Choice of financial instruments for yield curve construction
Yield curve construction methodology
The one-month curve construction
Graphical yield curve representation
In the previous chapters on money market and capital market instruments – futures, FRAs and swaps – we often used the term implied interest rate or yield. It is a measure of profitability of an investment. The client will base his investment decision on how much yield a particular security will bring compared to other products in the market. Yields for different tenors (time periods) are needed by investment banks and other security issuers to price their products and calculate PV of future cashflows. For this purpose, yield curves are constructed, using liquid market-traded financial instruments. Hence, the yield curve is the relationship between the interest rate (or cost of borrowing) and the time to maturity of the debt for a given borrower in a given currency.
Yield curve is the relationship between the interest rate (or cost of borrowing) and the time to maturity of the debt for a given borrower in a given currency.
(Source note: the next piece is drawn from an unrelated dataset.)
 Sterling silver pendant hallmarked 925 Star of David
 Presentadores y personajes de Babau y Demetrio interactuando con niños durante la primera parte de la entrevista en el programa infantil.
By its definition, there is no single yield curve describing the cost of funds for all market participants. The most important factor in determining a yield curve is the currency in which the securities are denominated. Within the same currency, different institutions borrow money at different rates, depending on their credit rating. Banks with high creditworthiness borrow money from each other at the Libor rates. Thus they construct their yield curves (also known as ‘swap curves’) based on Libor-related instruments. Other market participants, such as corporations, typically have to borrow at higher rates (e.g. spread over Libor). Corporate yield curves (‘basis curves’) are often quoted in terms of a ‘credit spread’ or ‘basis’ over the relevant swap curve.
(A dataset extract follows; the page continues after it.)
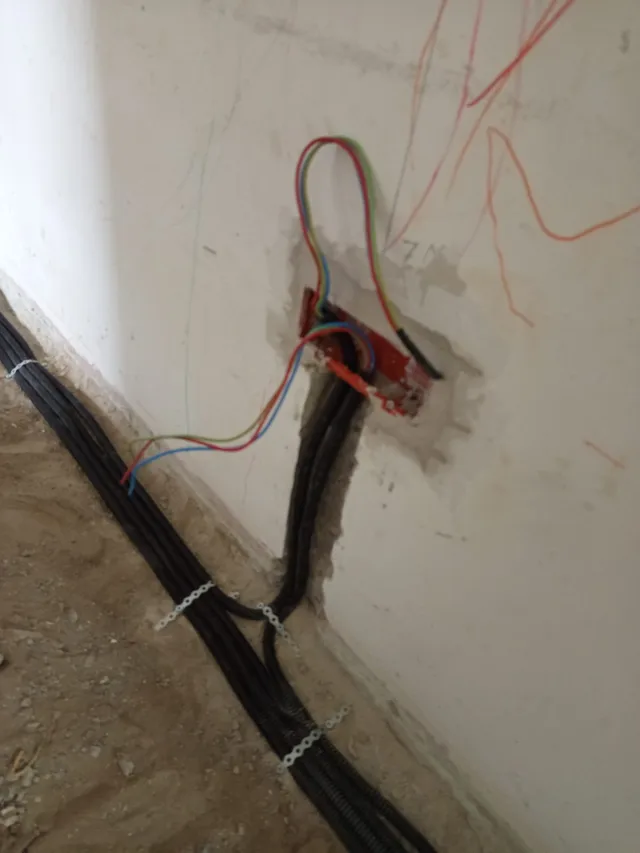 Ciprian — Electrician Iași — Imagine 4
Securities of different tenors (from overnight borrowing to a 30-year swap) are used to calculate rates at their coupon payment (if any) and maturity points and the mathematical curve is drawn through them. This enables yield to be calculated at any point in the future. Even though the particulars of construction methodology are proprietary to each investment bank, there is a convention followed by all when it comes to choice of instruments and general construction principles. In this chapter several construction methodologies are described, but they are by no means exhaustive.
In investment banks the adopted yield curves aim to provide single source of rates for pricing products of all maturities. The instruments used in curve construction are: deposits, interest rate futures and interest rate swaps.
The instruments used in curve construction are:
Cash deposits
Interest rate futures
Interest rate swaps
The reason behind this choice is simple:
Cash deposits are liquid instruments and prices are readily available. There is no uncertainty, as the rates are known at the outset. The maturities are short and range from overnight borrowing up to one year.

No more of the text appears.